LABORATORY STUDY OF THE EFFECTS OF RELATIVE DENSITY AND NON-PLASTIC FINES ON LIQUEFACTION POTENTIAL AND SETTLEMENT OF SATURATED SAND

In liquefaction occurrence, shear strength of loose cohesionless deposits of saturated soil is considerably reduced or even is lost when subjected to dynamic or seismic loads. The earthquake-induced liquefaction can cause significant damage to existing facilities and structures.It is, therefore, of prime importance to deeply understand the liquefaction mechanism and the related and affecting parameters on this phenomenon. In the current study, using a semi- automated shaking table, the effect of the relative density and the percentage of non-plastic fine content of soil material on the liquefaction potential and the settlement of saturated sand layers were investigated. Acceleration of the shaking table in all tests was adopted to be constant and equal to 0.3g having a frequency of approximately 4.7 Hz. In contrast to many other researchers conducted in recent years, loose and very loose sands are considered for experimental studies.
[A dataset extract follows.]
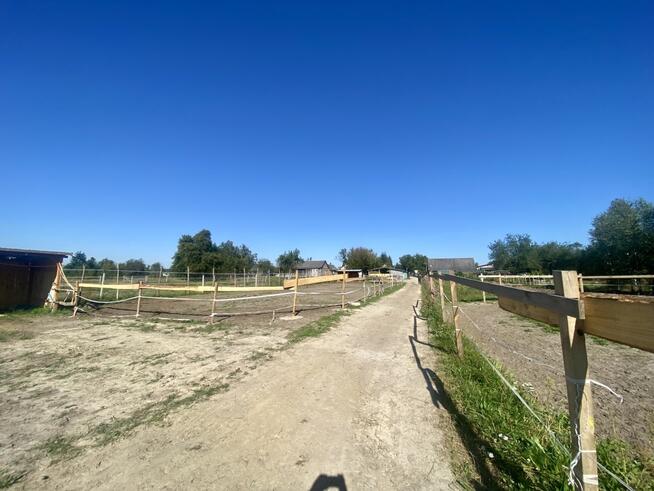 Stajnia/Siedlisko-rekreacja, edukacja jazdy konnej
Further, shaking table studies conducted here on these materials are considered as relatively large scale tests which notably differ from those conducted mostly by common triaxial tests in the past. The results obtained showed that the higher the relative density, the lesser is the pore water pressure even if the shaking level is high and that the probability of liquefaction is reduced to the lowest level. In addition, the surface settlement of soil layer is significantly reduced. It was also observed that, despite the existing challenges and even opposing point of views among researchers, an increase in the percent of non-plastic fine content in the soil material would lead to a reduction in settlement of soil layer and ironically, to an increase in pore water pressure. Other observations on the experiments conducted in this research verified that the time during which soil remains in liquefied state is reduced if and/or percentage of fine content of soil material is high.